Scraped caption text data

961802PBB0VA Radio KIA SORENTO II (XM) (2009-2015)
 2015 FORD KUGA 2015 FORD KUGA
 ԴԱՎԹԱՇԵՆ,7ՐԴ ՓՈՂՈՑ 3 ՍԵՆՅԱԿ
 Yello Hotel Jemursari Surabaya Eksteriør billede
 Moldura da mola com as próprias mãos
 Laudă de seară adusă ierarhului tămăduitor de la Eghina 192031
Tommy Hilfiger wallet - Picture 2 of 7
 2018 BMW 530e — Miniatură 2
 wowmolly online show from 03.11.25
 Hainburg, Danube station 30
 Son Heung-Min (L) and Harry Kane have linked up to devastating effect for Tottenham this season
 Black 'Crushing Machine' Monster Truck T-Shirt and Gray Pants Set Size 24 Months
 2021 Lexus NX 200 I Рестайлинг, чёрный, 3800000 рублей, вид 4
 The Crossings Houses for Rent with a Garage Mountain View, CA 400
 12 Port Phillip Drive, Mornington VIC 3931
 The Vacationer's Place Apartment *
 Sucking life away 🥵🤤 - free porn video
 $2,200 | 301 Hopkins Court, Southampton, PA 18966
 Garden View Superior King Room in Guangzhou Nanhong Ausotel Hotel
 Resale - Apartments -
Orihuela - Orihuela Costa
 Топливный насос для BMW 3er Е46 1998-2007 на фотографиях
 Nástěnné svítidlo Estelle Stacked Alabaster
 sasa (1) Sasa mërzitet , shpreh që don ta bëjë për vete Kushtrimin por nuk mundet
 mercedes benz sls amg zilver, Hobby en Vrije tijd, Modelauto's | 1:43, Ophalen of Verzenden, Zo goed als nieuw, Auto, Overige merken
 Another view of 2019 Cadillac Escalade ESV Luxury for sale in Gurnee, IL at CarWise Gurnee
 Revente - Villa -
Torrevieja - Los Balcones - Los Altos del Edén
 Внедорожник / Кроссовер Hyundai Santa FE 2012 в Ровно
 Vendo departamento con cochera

- [YOUR TASK]
As listed above, the lines from the line with "ԴԱՎԹԱՇԵՆ,7ՐԴ ՓՈՂՈՑ 3 ՍԵՆՅԱԿ" to the line with "wowmolly online show from 03.11.25" are to be echoed exactly, with both ends included and nothing added.

- [WRITTEN SOLUTION]
 ԴԱՎԹԱՇԵՆ,7ՐԴ ՓՈՂՈՑ 3 ՍԵՆՅԱԿ
 Yello Hotel Jemursari Surabaya Eksteriør billede
 Moldura da mola com as próprias mãos
 Laudă de seară adusă ierarhului tămăduitor de la Eghina 192031
Tommy Hilfiger wallet - Picture 2 of 7
 2018 BMW 530e — Miniatură 2
 wowmolly online show from 03.11.25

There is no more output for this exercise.